Paper long abstract:
In response to the disruption caused by disasters, recovery is a process through which societies experiment with material and social change. Here I employ an understanding of recovery as a collaboration of divergent agents and agencies, each with its own goals, means, and positioning. It consists of everyday confrontations and negotiations; a frontier in which social relations are not (yet) regulated. Therefore it is profoundly unequal, but also creative. A rapidly changing environment requires new practices, experiments, and modes of cultural production. How then does design fit into such complex, uneasy and unequal collaborations? Can we conceptualise recovery as a design process?

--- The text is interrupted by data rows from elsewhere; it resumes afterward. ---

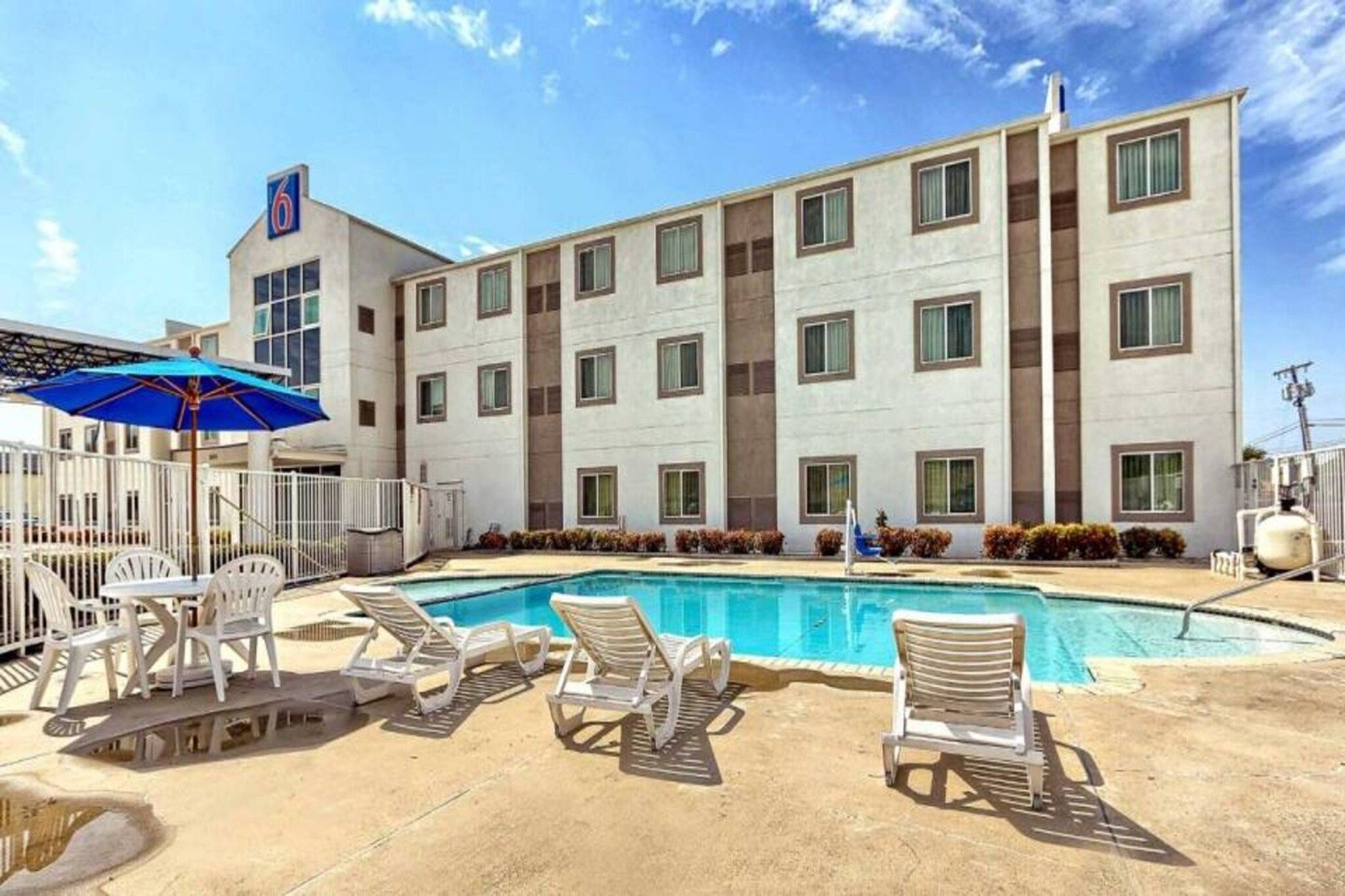 A hotel with a pool area, including lounge chairs and a blue umbrella.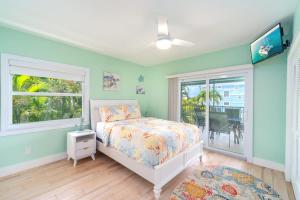 a bedroom with a bed and a window at Reel Caribbean Getaway in Summerland Key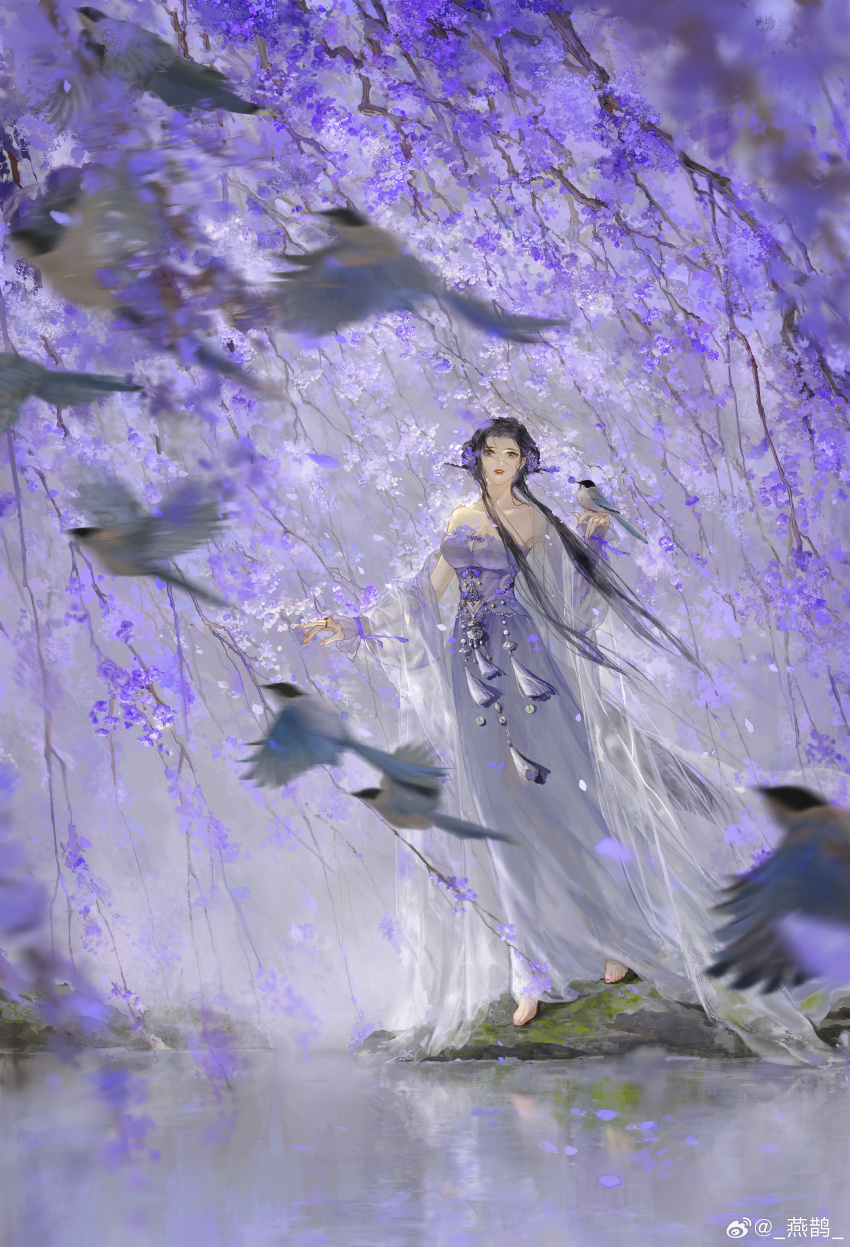 1girl absurdres barefoot bird black_hair blurry blurry_foreground dress flower flying full_body hair_flower hair_ornament highres lipstick looking_at_viewer magpie makeup open_clothes open_robe original petals purple_flower robe see-through_robe solo standing strapless strapless_dress tassel tree water willow yan_que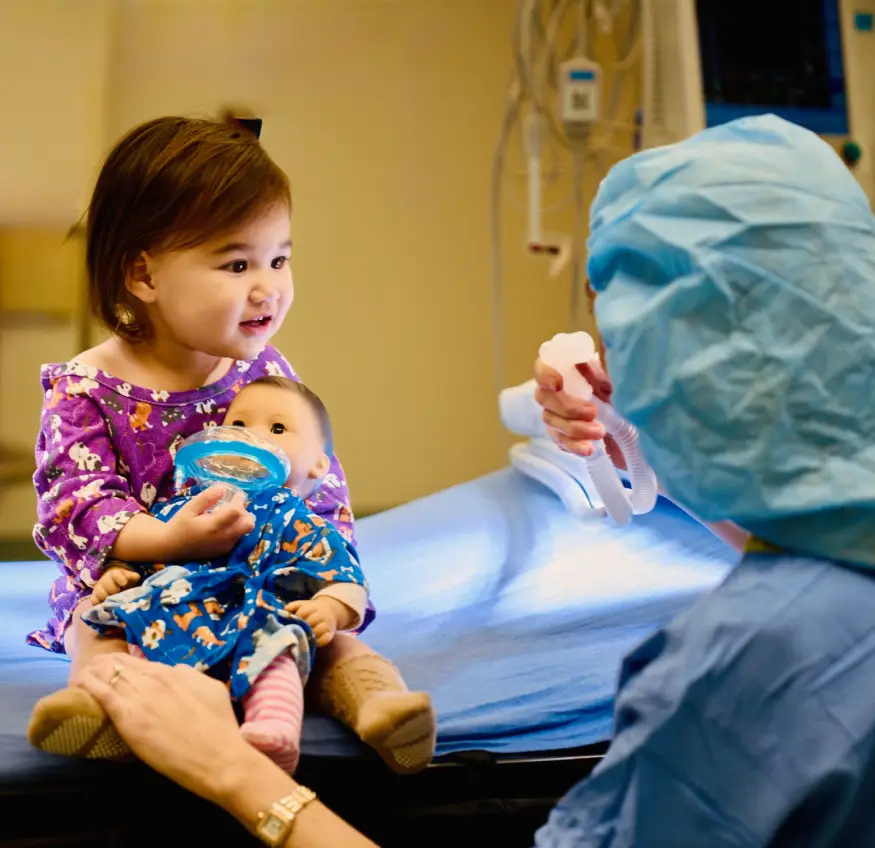 A child with a doll interacts with a person in medical scrubs.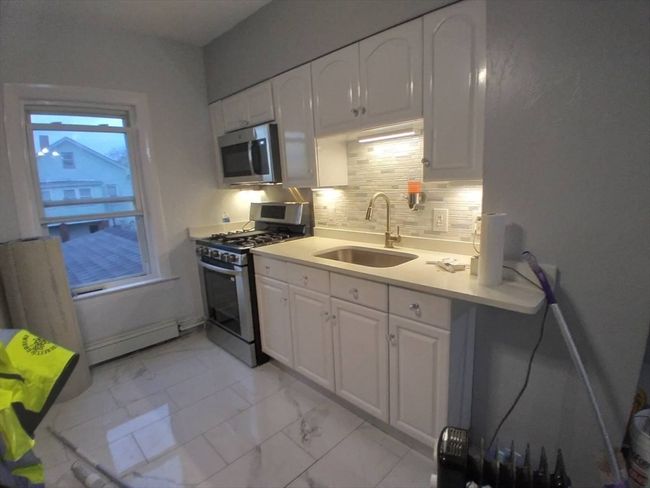 14 Russell St, Home with 6 bedrooms, 2 bathrooms and 5 parking in Everett MA | Image 12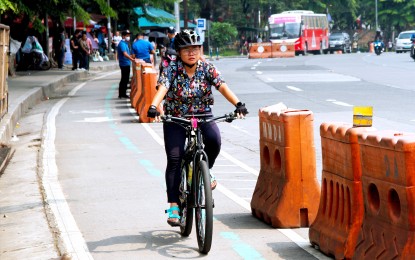 <p><strong>BIKE LANE.</strong> A young woman uses the bike lane along Elliptical Road in Quezon City on June 19, 2023. The Department of Health on Friday (May 10, 2024) said such active transport infrastructure programs will help reduce the number of road crash casualties by reducing the number of cars on the road and providing protection to cyclists and pedestrians.<em> (PNA photo by Jess M. Escaros Jr.)</em></p>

Exploring a conceptualisation of design as an everyday process of change, and based on ethnographic fieldwork in post-tsunami Sri Lanka, I discuss how various stakeholders engage a hastily changing environment - but more importantly how they participate, as protagonists of this change. A disaster response can be planned, shaped to certain goals, and used in governmental strategies. However, meaning and significance in design is created at the interface of designers' intentions and users' experiences. Continuous power struggles that take place in recovery thus point us to the questions, who designs for whom? And, whose interests do emerging processes of making serve? I highlight some of the ways in which social and aesthetic change have manifested itself along the Sri Lankan coastline to explore the connection between design anthropology and the anthropology of disaster.